Hättest dies im Eröffnungspost auch reingetackert gehabt, wäre alles klar gewesen.

So war das mehr als nur verwirrend, wenn man noch den entsprechenden Link besuchte.


Und nun Friede unserer Asche....   ::

----------


## schiene

"Und nun Friede unserer Asche....  "
@Phommel,ich habe und hatte nie "un"-Frieden :aetsch:

----------

dann ist ja wieder alles GUT, bin ich aber froh!

----------

Klar, war doch blos Schattenboxen   ::

----------

Na ja, beim Thaiboxen möchte ich euch Beiden besser nicht sehen

----------


## schiene

nee,neee,keine Angst die Zeiten als Straßenkämpfer sind bei mir schon lange vorbei und Training mache ich schon lange nicht mehr.Wobei.....manchmal juckts schon in den Beinen mal wieder "dem ein oder anderen nen schönen Kick zu geben  ::

----------

Lass mich biiiiittte aussen vor und nehm nen anderen Sparringpartner

----------

Jo, ich könnte splittern und dann hat Schiene so einen im Daumen. 
Da ich so ätzend bin, entzündet sich dat und schon muss man ihm den ganzen Arm abnehmen.

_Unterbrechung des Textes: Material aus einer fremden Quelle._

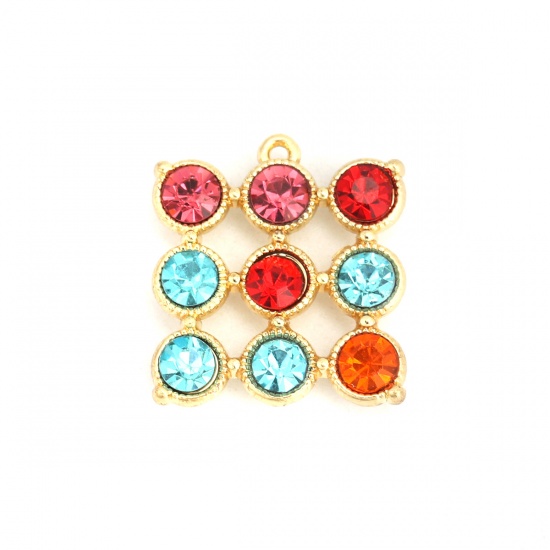 Picture of Zinc Based Alloy Charms Square Gold Plated Multicolor Rhinestone Hollow 19mm x 17mm, 5 PCs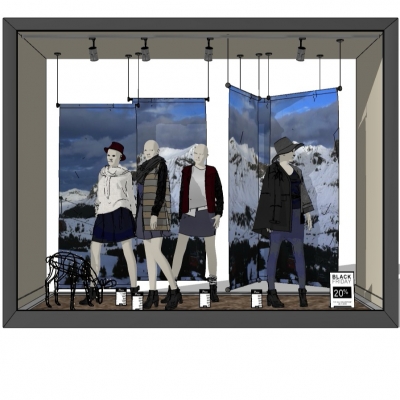  现代服装店橱窗模特组合su模型 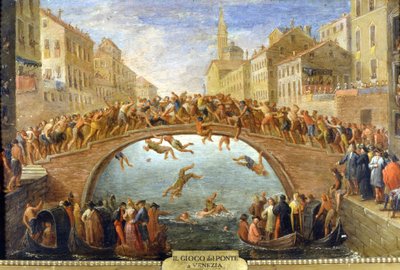 Venecia, el juego del puente. Pintura anónima. Siglo XVIII. Colección privada. de Unknown artist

Also lassen wird dat lieber mal sein    ::

----------


## schiene



----------

Hat jemand was anderes gewollt?

----------


## schiene

> Sorry, @schiene aber Seite http://www.thaiguru.de/25603.xhtml  jkann man doch wirklich nicht für ernst nehmen. der Betreiber (ohne Impressum) ist doch nen Spinner der sich produzzieren will


Die Sache ist zwar für mich abgehakt aber da hier nach eienem Impressum oder ähnlichem gefragt wurde.
schaut mal hier.
http://www.thaiguru.de/In_eigener_Sache.html

vielleicht solltet sich einige mal die Zeit nehmen und nen bissel auf der Seite stöbern.Ihr werdet feststellen das sie sehr umfangreich ist und auch recht gute Infos und Berichte enthält.

----------


## Samuianer

Auch wenn ich mir jetzt 'n A.schtritt oder gleich 'ne Tracht Puegel einfange - weiss nicht was das Gezeter soll - offensichtlich habt ihr null Ahnung...!

Oder ging's wiedermal nur um's Poebeln?

Executive Chef im Mariott Waterfront (guter Freund von mir ) bekommt 200 k! 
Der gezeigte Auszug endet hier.